A Hands-On Experience with AI Agent Benchmarks (2nd Offering)
Presenter: Soroush Ziaeinejad
Date: Wednesday, November 12th, 2025
Time: 12:00 PM
Location: Workshop Space, 4th Floor - 300 Ouellette Ave., School of Computer Science Advanced Computing Hub
As AI systems shift from simple question-answering to agent-based behavior such as planning, using tools, and interacting with real environments, evaluation methods must also evolve. Traditional benchmarks focus on final outputs, while agent benchmarks assess an AI system’s ability to reason step-by-step, recover from errors, and adapt across tasks. Each benchmark emphasizes different competencies: HumanEval measures code-generation correctness; MINT evaluates tool-use and problem-solving; GAIA examines multimodal reasoning across text, images, and real-world data; and SWEBench-Lite tests the ability to understand and fix real software issues. This presentation introduces these benchmarks, highlights their distinctions, and discusses the capabilities and limitations they reveal in today’s AI agents. Then we will run one benchmark together and interpret the results to see how an agent behaves in practice.

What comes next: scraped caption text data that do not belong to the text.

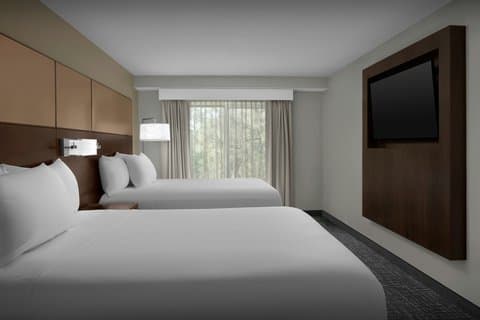 Residence Inn by Marriott Jacksonville South/Bartram Park — photo 2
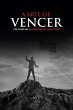 A arte de vencer (eBook, ePUB) - Bild 1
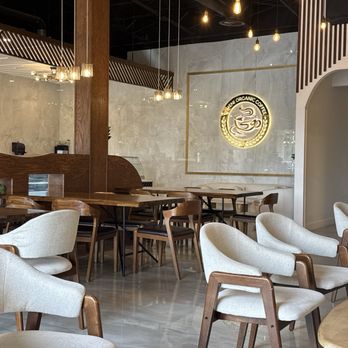 Moqana - Beautiful aesthetic. - Coffee & Tea Near Me - Germantown, Tennessee Moqana - Beautiful aesthetic. - Coffee & Tea Near Me - Germantown, Tennessee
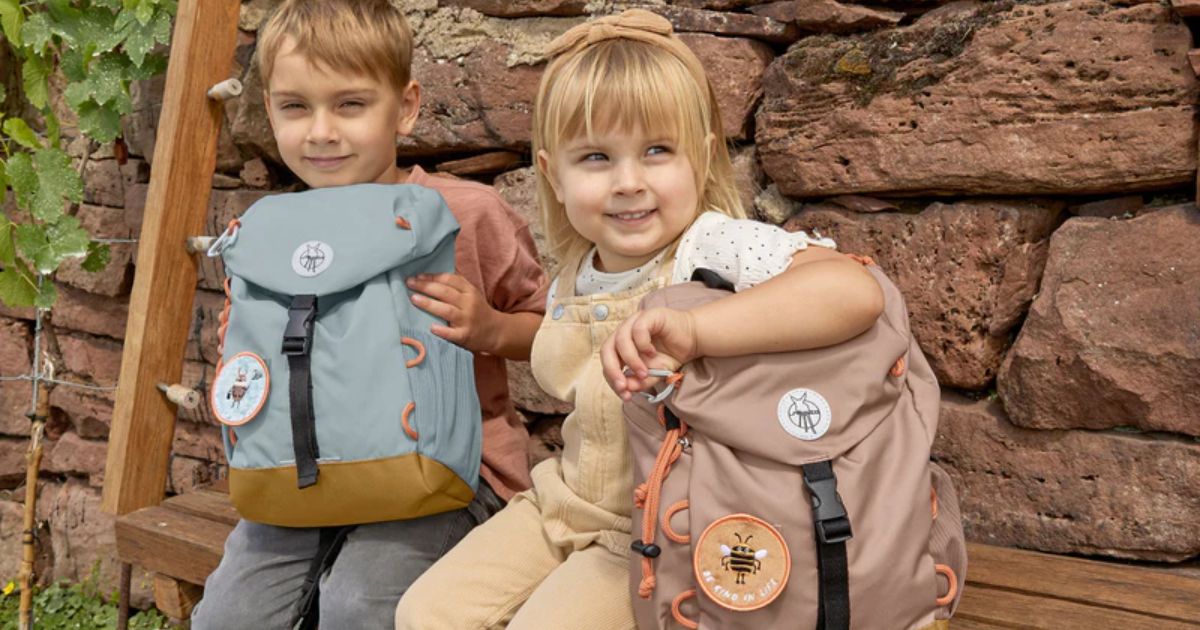 【保育士おすすめ】「買ってよかった♪」が続く！3歳の育ちに寄り添うおもちゃ＆生活アイテム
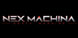 Nex Machina PS4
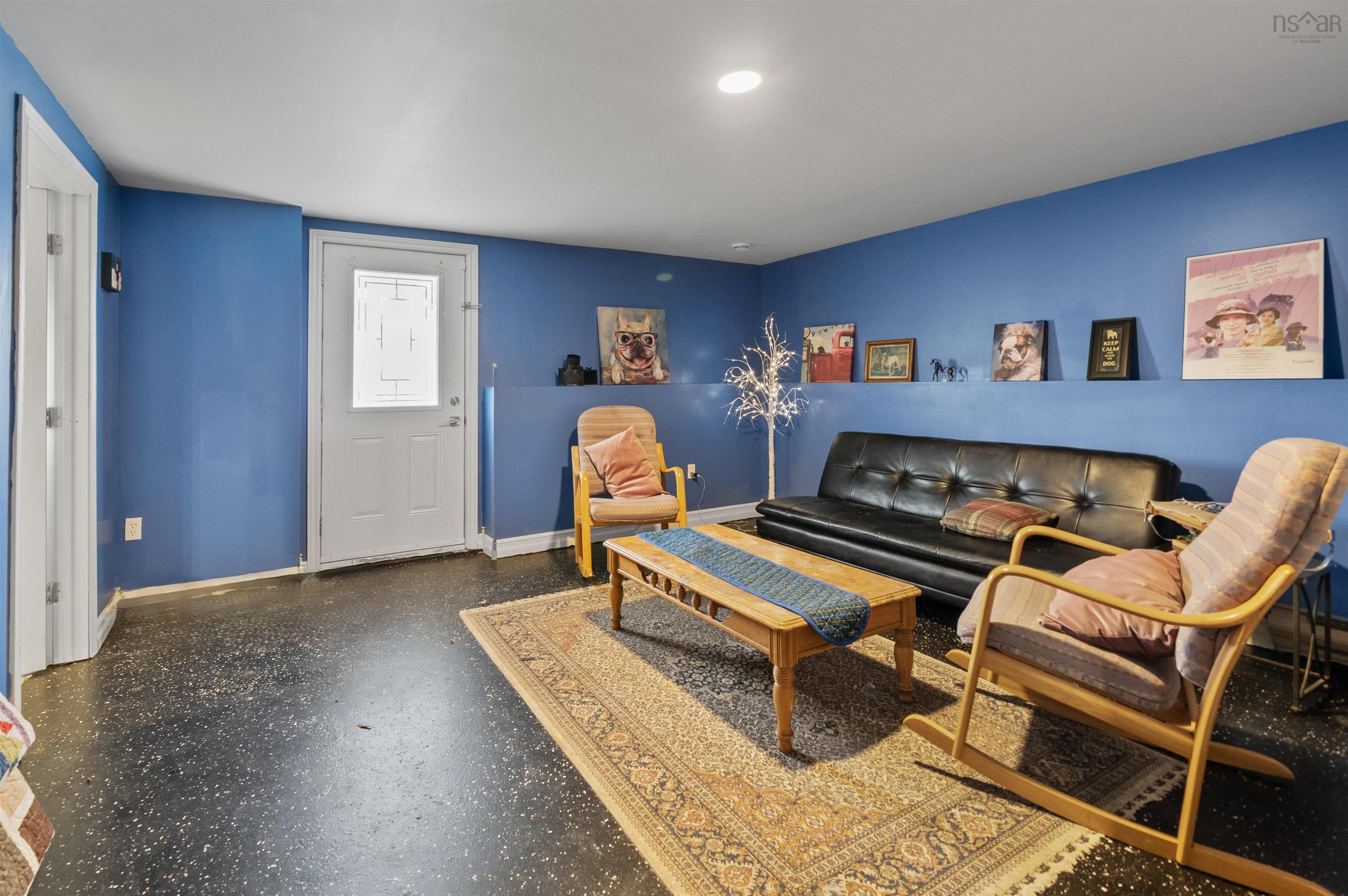 $739,000.00: 33 Princeton Court, Pictou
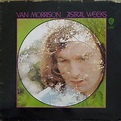 How Van Morrison Wrote 'Astral Weeks'
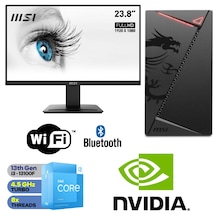 I31300F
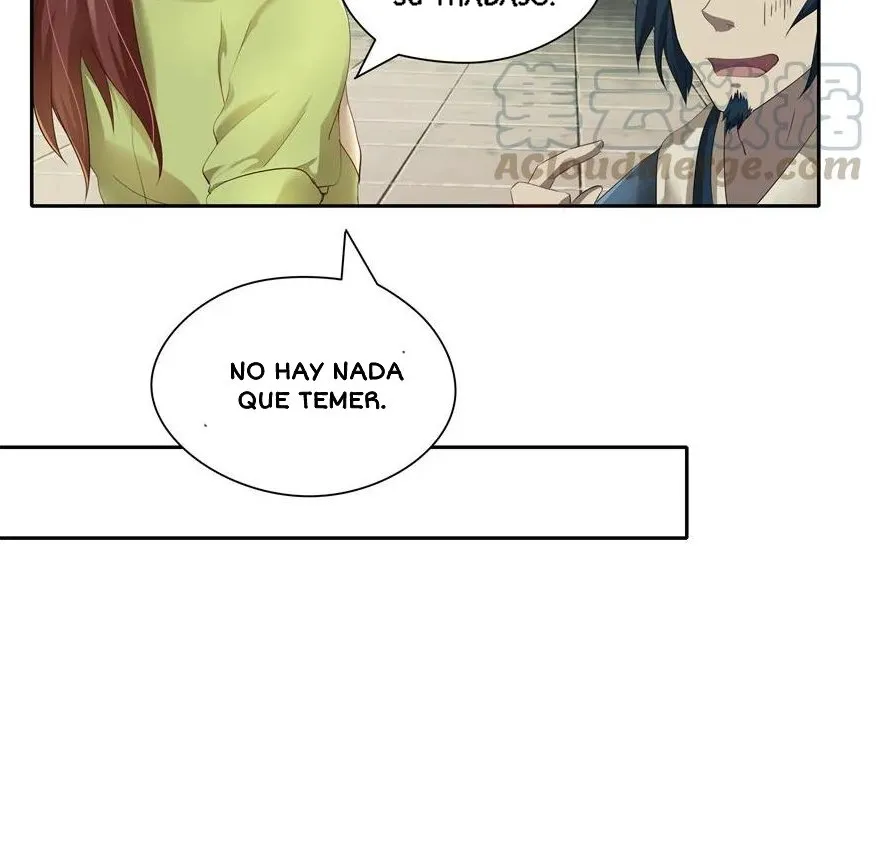 CINDERELLA CHEF Capítulo 31 en Línea - página 23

• Comparison of benchmark goals and methodologies
• Hands-on demonstration: running and interpreting results from one benchmark
• Discussion and Q&A
•Basic understanding of AI or machine learning concepts
•Familiarity with large language models (LLMs) and their applications
Soroush is a Ph.D. candidate and research assistant in Computer Science at the University of Windsor. He received his bachelor’s degree in Software Engineering and his master’s degree in AI specializing in computer vision and video processing. His current research focuses on privacy and security in AI, with a particular emphasis in distributed and collaborative learning systems.